If it is an issue with the gearbox, it will depend on the likely cause I guess as to whether or not it is covered by warranty (mechanical fault v. abuse). A new clutch is probably around a few hundred euro, but replacing a clutch is fairly labour intensive, you could be looking at something like €1000 all in (if not covered by warranty).  In general, I wouldn't expect a clutch to fail on a 2 year old car with 50,000 odd km unless it was 'driven hard'


----------



## michelle789 (11 Feb 2009)

have rang dealer and they can look at it on saturday for me.

god i hope it is just something minor wrong with it 1,000 alot of money!!!


----------



## iggy (11 Feb 2009)

Just make sure the clutch/brake fluid reservoir is topped up to the proper level.
I had exactly the same problem before christmas and after convincing myself it was the clutch I did a quick check under the bonnet and discovered the fluid level was down below normal , I topped it up and it has been fine since.


----------



## baldyman27 (11 Feb 2009)

Don't let them tell you its down to abuse so they can charge you for it, if they try this just tell them you'll get a second opinion before you do anything with it.


----------



## michelle789 (11 Feb 2009)

hi iggy,

what should the fluid level thing look like? i only know where the window washer is


----------



## michelle789 (11 Feb 2009)

baldyman27 said:


> Don't let them tell you its down to abuse so they can charge you for it, if they try this just tell them you'll get a second opinion before you do anything with it.

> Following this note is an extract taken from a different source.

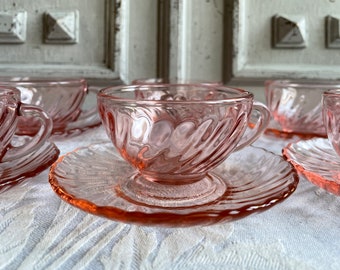 French Vintage Arcoroc pink cups and saucers, ROSALINE blushware, set of 6 teacups France clear glass teacups Arcoroc Luminarc 1960's salmon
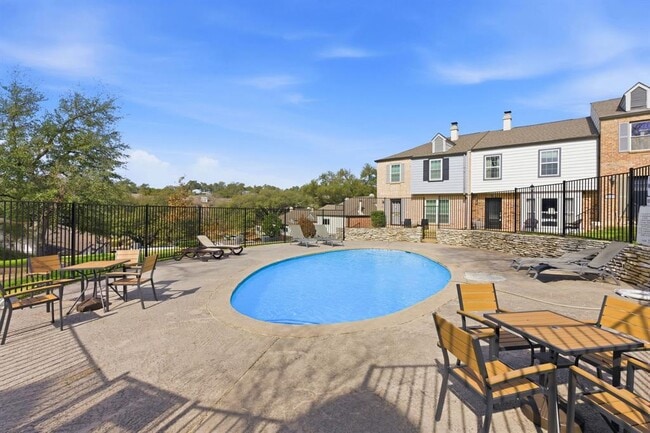 Building Photo - 6631 Valleyside Rd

ok will do id its gonna be dear def wont be able to afford it for a while anyway!


----------



## baldyman27 (11 Feb 2009)

You'd have problems getting the car into reverse if the fluid level was low, also the brakes would be affected.


----------



## iggy (11 Feb 2009)

michelle789 said:


> hi iggy,
> 
> what should the fluid level thing look like? i only know where the window washer is


 It`ll be a smallish plastic bottle affair usually just in front of the bulkhead (under where the windscreen is)...any motor factor or decent garage guy should show you...in fact not wanting to appear sexist but most guys will know where it is and would check for you.


----------



## michelle789 (11 Feb 2009)

have to venture out in it this evening!! hmm should be fun, lucky i dont have to go to far!!


----------



## michelle789 (11 Feb 2009)

il go take a peep under bonnet now


----------



## iggy (11 Feb 2009)

baldyman27 said:


> You'd have problems getting the car into reverse if the fluid level was low, also the brakes would be affected.


 Brakes would only be affected if the level was right down...it supplies fluid to the brake circuit first and second priority is given to the clutch circuit for safety.


----------



## AlbacoreA (11 Feb 2009)

Is probably the gear box, worn syncomesh or something in the selector.


----------



## baldyman27 (11 Feb 2009)

iggy said:


> Brakes would only be affected if the level was right down...it supplies fluid to the brake circuit first and second priority is given to the clutch circuit for safety.


 
Fair point Iggy.


----------



## michelle789 (11 Feb 2009)

well ive opened the bonnet and boy it smelt really hot under there. i was only in the car for a 45mins driving. I couldnt tell what was what under there so closed it again.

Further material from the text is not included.